The same is true of the issue of patenting the codes on gene fragments
identified in the human genome project. Here, too, at least in the early days of the discussion, the issue was not that the prospect of a patent was needed to get the research work done; the research work was being funded by government. Rather, it was felt that patents on the coded gene fragments were needed if companies were to be induced to take that information and use it to achieve commercial products. That is, the arguments were those of the development and commercialization theory and perhaps the prospect-development theory.
As matters have turned out, the belief that codes for gene fragments will be patentable has led to the birth of private for-profit firms, whose business is to discover the codes, in anticipation of profiting from licensing to larger companies that would take on the development work. Interestingly, several large pharmaceutical companies have argued that gene fragments should not be patented, but rather that their identified codings should be in the public domain. Their case is that progress from coded gene fragments to useful final products will cost more if gene-fragment codes are patented than if they are in the public domain. They are essentially arguing that the standard version of the development and commercialization theory has it backwards. And several of these companies are supporting research to identify gene codes, on the condition that the information be put in the public domain. The public-policy issues here are very complex.

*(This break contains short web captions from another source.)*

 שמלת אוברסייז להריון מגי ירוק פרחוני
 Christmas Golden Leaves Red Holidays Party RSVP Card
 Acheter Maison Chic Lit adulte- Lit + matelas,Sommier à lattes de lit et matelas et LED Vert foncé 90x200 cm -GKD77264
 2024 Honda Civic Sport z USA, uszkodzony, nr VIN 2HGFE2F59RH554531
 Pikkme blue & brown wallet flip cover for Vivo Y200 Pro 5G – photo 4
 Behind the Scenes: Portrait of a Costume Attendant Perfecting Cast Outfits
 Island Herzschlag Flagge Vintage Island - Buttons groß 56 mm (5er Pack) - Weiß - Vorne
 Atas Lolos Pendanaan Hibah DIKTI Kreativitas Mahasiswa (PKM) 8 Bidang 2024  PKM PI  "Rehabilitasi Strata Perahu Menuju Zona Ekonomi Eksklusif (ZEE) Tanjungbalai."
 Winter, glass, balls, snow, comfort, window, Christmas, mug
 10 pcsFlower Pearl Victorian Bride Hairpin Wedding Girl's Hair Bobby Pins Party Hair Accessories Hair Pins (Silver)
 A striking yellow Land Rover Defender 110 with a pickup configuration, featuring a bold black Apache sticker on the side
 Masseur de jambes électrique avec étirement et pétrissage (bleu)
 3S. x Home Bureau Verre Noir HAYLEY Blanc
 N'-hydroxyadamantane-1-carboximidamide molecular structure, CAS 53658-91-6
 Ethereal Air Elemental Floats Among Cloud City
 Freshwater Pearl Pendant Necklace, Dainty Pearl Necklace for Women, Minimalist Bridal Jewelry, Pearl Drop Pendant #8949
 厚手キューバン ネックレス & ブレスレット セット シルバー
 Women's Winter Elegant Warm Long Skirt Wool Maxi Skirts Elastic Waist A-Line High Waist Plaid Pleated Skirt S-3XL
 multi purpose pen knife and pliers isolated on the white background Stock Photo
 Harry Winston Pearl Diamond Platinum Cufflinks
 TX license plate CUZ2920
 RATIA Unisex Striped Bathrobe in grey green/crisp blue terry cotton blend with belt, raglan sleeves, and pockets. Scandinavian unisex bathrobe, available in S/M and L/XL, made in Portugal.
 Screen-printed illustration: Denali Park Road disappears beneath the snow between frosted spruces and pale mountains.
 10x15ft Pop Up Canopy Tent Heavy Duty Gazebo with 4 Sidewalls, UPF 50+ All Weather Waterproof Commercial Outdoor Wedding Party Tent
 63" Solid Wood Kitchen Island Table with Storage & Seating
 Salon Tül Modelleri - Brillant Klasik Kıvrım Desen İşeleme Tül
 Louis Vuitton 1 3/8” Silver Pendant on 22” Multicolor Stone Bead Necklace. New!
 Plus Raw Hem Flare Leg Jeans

The issues surrounding Bayh-Dole and gene fragments differ in important ways but they also have important common elements and raise common questions. Perhaps the most basic question that they raise is whether the presence or prospect of patents stimulates or interferes with technical advance in a field. Obviously, it does not under the invention-inducement theory. But under a more complex theory, the answer is not always apparent. The appropriate domain of patents is badly in need of open examination today. The argument that strong intellectual property rights in a field can smother technical progress is, of course, connected to assumptions about several of the context conditions discussed earlier. To understand better whether our current patent policies help or hinder the achievement of our societal objectives, we need to examine those assumptions rigorously.
The following three questions are put forward as possible starting points for inquiry: In what fields of technology are technical advances so strongly connected to one another, either temporally or in a system of use, that effective inventing today requires access to prior inventions? What are the fields of inventing in which progress generally requires the effective interaction of a number of different organizations? Do patents in fact contribute to or hinder the access and cooperation needed for technical advance in such contexts? As indicated earlier, little empirical research has been aimed at this cluster of questions. Our lack of knowledge limits our ability to analyze intelligently the current pressing issues of patent reform.